Leg 6: April 12, 2012
Day 5: Discovering a brooding worm
We completed two dives in the Concepción Canyon today on the western slope of the Gulf of California. One of our objectives was to locate cold seep clams that were reported here in 2003 by Gary Greene, past director of the Moss Landing Marine Laboratories and former scientist at MBARI. We collected these clams from three discrete patches in the canyon. Bob Vrijenhoek and his team will be comparing these clams and their symbionts (bacteria that provide food for their hosts by a process known as chemosynthesis) with clams from other regions in the Gulf of California collected on this expedition to determine how related they are to each other and if their chemosynthetic symbionts are specific to a particular group of clams.
We were also interested in the canyon features such as ripples, scarps, and ledges, and we took push cores and gravity cores to help us understand sediment flow in this area. This canyon has two branches that funnel down into one main canyon like a “Y.” Our first dive was at the junction where the two smaller canyons meet the main canyon. We found steep walls covered with white sponges and brittle stars. We also found the Acesta clam that we reported on yesterday. They were all over a scarp wall at 820 meters (2,700 feet) depth in very low oxygen waters (0.09 milliliters per liter). We collected these clams from two different locations in this canyon to compare with the clam we collected yesterday.
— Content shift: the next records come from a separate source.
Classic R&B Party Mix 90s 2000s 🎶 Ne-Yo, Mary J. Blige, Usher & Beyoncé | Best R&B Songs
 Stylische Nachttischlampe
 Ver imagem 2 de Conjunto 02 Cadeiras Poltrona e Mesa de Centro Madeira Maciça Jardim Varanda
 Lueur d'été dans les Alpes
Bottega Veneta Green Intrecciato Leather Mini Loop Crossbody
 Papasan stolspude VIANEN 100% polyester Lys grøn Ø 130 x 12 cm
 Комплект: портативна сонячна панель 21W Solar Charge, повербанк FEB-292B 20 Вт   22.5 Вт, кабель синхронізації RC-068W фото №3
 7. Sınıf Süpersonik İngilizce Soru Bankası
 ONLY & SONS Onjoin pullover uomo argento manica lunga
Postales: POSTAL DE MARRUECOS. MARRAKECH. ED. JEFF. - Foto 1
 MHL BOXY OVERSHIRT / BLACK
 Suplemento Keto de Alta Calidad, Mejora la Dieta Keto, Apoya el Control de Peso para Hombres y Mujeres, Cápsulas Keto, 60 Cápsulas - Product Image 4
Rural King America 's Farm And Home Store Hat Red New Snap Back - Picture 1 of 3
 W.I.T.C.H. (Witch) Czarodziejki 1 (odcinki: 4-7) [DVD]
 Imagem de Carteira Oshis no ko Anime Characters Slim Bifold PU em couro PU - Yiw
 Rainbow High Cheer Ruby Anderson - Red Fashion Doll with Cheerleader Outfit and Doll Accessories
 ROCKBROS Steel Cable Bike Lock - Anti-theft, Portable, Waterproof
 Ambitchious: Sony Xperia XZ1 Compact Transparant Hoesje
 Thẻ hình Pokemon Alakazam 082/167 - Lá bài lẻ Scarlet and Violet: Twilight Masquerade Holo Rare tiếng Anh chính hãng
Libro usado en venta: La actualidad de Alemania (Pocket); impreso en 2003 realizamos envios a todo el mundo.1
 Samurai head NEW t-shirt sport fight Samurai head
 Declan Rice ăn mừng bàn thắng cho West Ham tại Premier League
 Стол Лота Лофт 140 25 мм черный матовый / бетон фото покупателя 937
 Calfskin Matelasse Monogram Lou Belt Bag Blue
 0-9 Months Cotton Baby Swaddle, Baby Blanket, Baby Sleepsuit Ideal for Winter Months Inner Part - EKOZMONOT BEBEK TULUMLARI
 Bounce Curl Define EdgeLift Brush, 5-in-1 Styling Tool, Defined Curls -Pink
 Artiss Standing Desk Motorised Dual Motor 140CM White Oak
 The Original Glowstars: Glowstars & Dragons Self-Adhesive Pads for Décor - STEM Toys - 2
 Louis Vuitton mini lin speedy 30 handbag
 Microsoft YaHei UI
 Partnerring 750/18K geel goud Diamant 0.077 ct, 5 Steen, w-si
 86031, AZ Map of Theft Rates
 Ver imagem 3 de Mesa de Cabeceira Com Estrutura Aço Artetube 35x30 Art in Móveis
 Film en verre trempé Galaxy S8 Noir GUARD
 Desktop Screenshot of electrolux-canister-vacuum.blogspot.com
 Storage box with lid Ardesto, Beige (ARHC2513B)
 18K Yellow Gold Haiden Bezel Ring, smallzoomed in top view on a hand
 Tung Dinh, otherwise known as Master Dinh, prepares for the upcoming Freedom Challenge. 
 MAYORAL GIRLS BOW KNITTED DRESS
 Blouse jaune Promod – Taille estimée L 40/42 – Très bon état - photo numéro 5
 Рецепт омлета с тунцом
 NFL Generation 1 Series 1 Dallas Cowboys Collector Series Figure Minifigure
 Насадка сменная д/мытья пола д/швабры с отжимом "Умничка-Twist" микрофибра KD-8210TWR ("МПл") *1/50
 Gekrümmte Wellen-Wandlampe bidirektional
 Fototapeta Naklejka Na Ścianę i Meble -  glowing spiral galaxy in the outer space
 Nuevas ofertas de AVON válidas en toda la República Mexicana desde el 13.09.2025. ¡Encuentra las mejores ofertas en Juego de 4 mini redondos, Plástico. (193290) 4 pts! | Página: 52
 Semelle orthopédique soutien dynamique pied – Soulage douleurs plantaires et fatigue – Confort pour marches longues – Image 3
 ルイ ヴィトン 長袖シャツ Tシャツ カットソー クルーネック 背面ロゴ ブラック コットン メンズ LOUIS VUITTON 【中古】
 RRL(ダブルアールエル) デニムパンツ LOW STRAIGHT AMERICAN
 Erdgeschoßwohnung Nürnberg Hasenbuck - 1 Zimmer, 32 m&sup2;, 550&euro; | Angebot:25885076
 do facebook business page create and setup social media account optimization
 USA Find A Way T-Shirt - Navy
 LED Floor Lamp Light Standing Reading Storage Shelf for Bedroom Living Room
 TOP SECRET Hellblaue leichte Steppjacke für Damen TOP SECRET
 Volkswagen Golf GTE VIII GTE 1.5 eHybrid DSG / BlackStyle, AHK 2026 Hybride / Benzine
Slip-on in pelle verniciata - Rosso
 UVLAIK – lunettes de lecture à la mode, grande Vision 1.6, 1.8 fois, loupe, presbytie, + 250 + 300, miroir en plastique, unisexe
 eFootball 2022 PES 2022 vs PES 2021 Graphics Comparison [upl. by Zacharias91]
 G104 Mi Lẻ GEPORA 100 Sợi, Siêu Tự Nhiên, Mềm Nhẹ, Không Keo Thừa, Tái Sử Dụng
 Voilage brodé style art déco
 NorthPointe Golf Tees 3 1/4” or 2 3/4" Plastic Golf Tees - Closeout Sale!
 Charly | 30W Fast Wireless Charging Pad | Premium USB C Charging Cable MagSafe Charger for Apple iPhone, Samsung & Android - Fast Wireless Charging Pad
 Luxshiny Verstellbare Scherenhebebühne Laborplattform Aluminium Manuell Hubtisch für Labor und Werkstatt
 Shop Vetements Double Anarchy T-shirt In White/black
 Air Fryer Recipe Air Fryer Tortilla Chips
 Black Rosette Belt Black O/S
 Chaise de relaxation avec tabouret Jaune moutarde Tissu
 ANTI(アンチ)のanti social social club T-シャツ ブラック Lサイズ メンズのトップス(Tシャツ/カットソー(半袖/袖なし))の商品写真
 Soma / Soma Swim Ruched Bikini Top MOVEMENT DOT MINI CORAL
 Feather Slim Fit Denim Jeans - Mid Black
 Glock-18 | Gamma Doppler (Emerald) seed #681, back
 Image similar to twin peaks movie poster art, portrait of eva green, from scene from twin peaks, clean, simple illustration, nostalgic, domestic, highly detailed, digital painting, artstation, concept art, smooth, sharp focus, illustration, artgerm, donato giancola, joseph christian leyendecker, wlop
Today we collected an interesting worm on the wall of the canyon amongst the tubes of a lot of other worms and hydroids. It is very similar to a new species currently being described from Monterey Canyon and is in the genus, Eusyllis. After the cruise, we’ll be checking the DNA to see if it is the same species. What we discovered today for this species is that the females brood their babies attached to their bellies, and actually crawl around with them like that. In the image below, the head of the worm is to the left, and there are about 20 or so little pink worms in the picture, each with only a few segments. Once they get a bit bigger and have used up the yolk supply (the pink granules) provided by their mother, they will crawl away to start their own lives.